• Required work: Give back, character for character, the line that includes "kimlik, bir tutarlığın izidir;" and all lines beneath it in the data.

• Provided records:
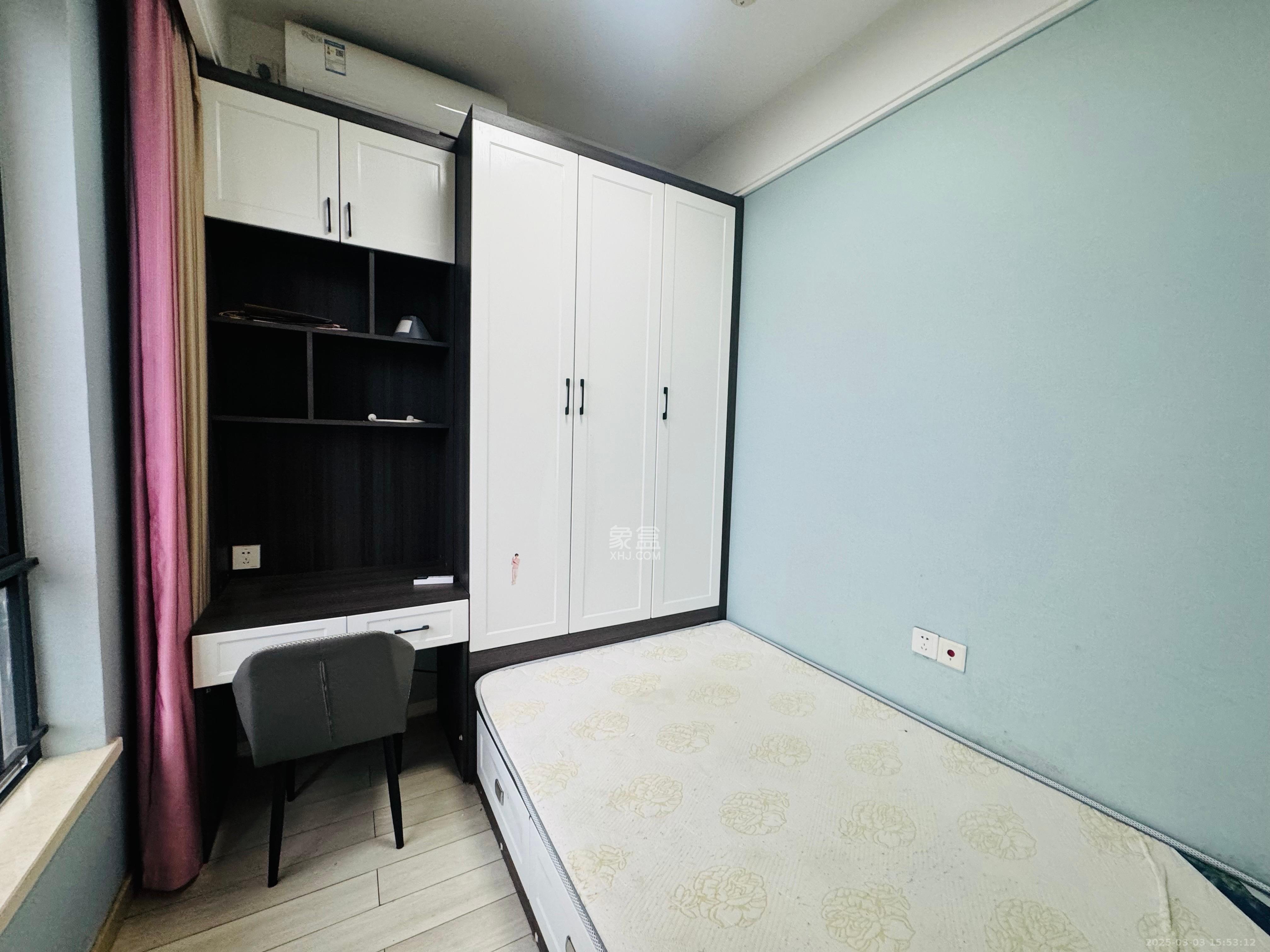 启迪协信中心  1室0厅0卫    2600.0元/月室内图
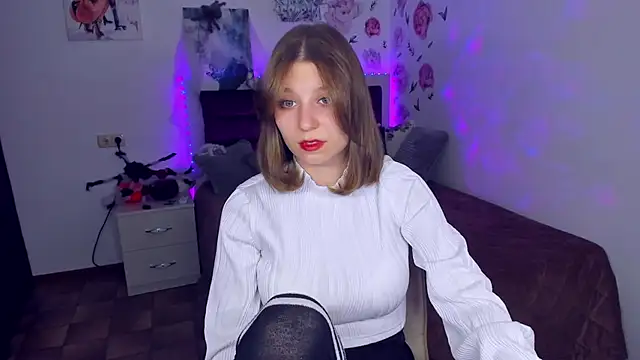 Snapshot of RinaMoore chatting on November 5, 2025, 2:50 pm RinaMoore online show from November 5, 2025, 2:50 pm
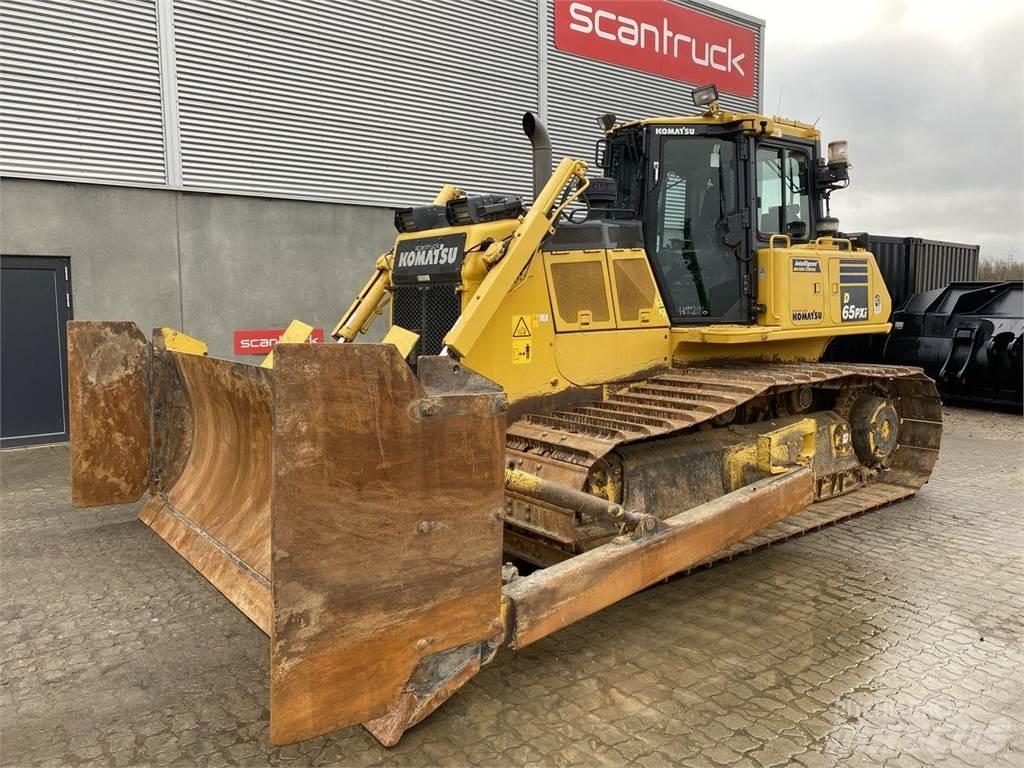 Komatsu D65PXI-18 Crawler dozers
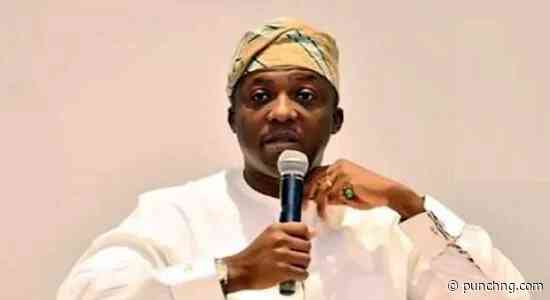 Stop patronising unregulated cart pushers, Lagos Commissioner urges residents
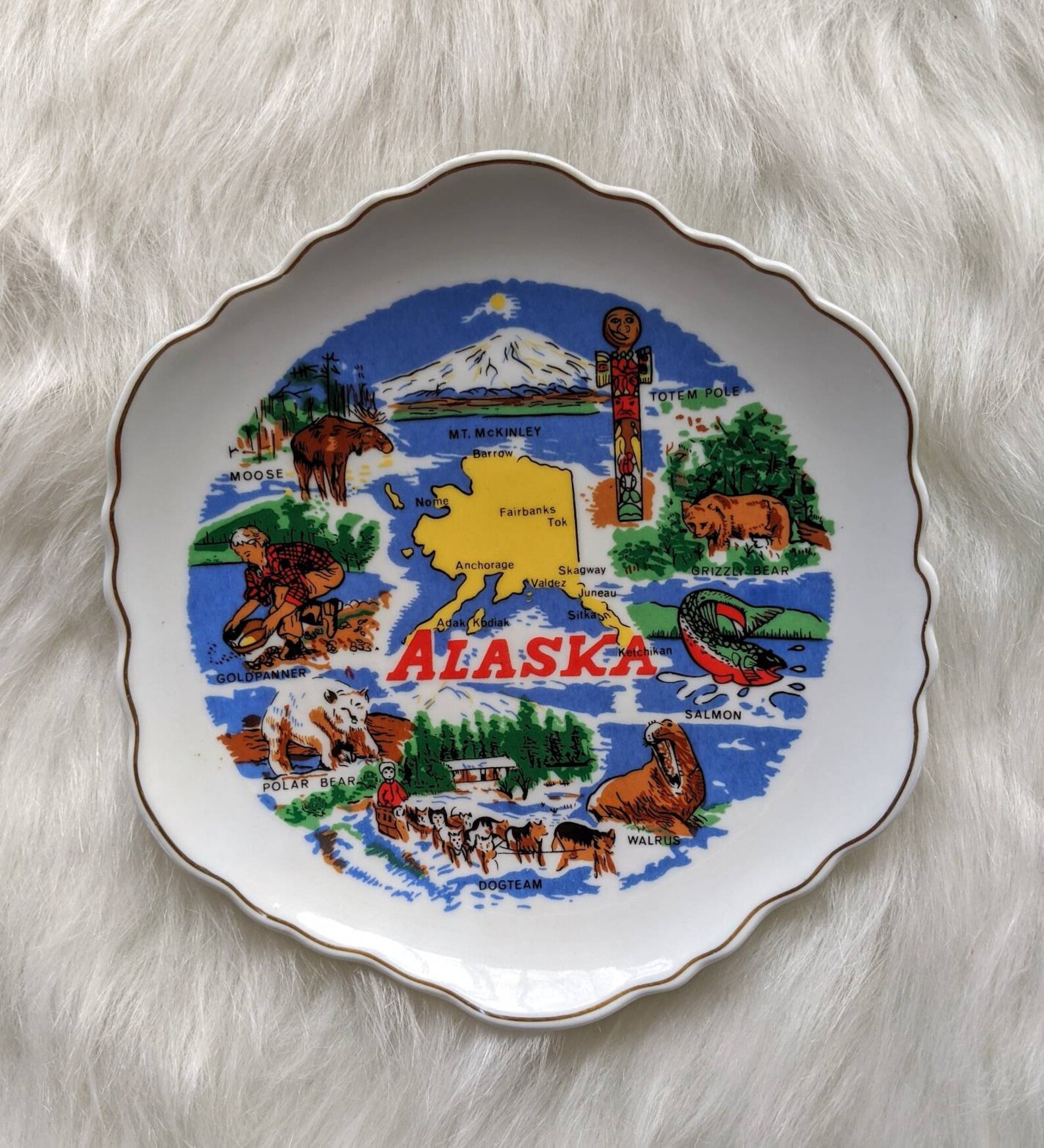 Vintage State Collectable Plates // West Virginia Idaho Etsy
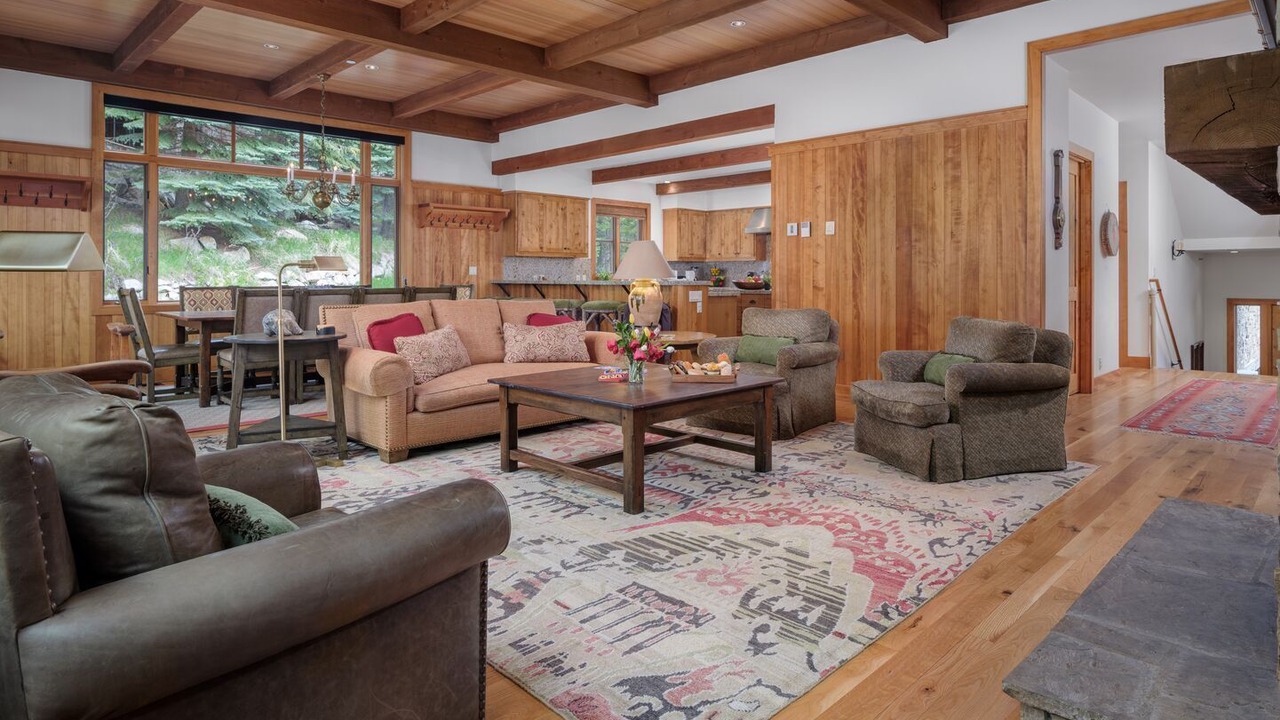 Photo of Livingroom in Granite Ridge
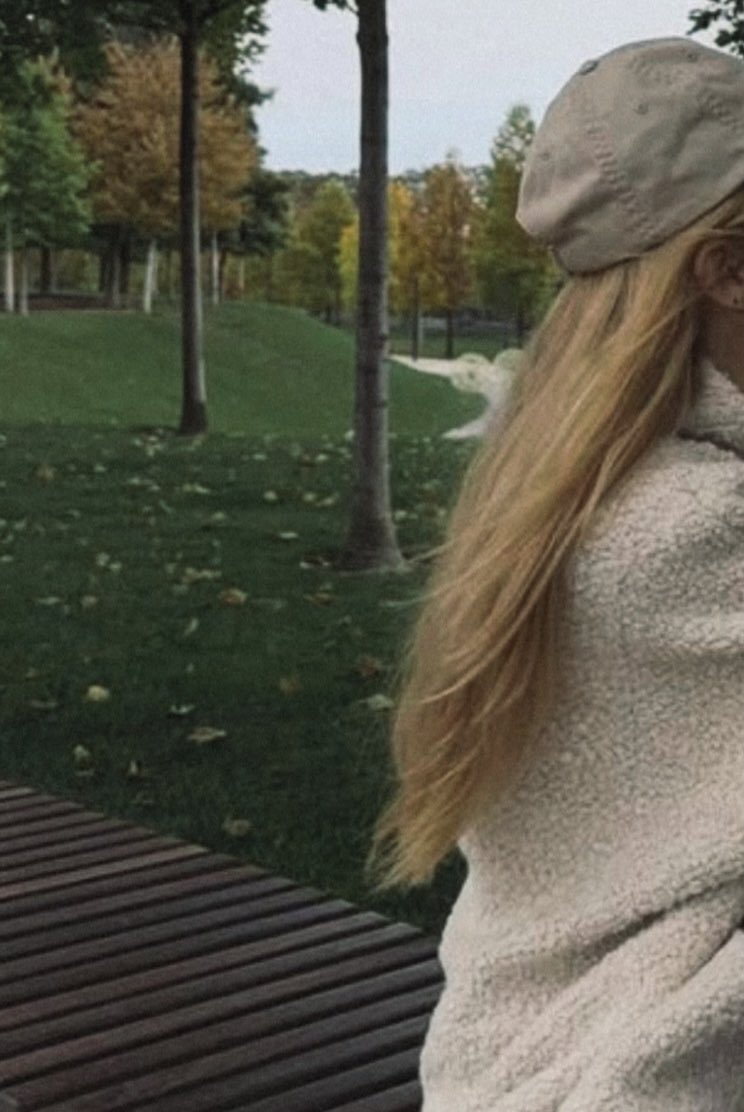 İnsanın markası, onun kimliğidir ve 
kimlik, bir tutarlığın izidir; 
O iz, söylediklerinden çok yaptıklarınla 
duyulur.
…  ✍️
#pazar ✨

• Exercise output:
kimlik, bir tutarlığın izidir; 
O iz, söylediklerinden çok yaptıklarınla 
duyulur.
…  ✍️
#pazar ✨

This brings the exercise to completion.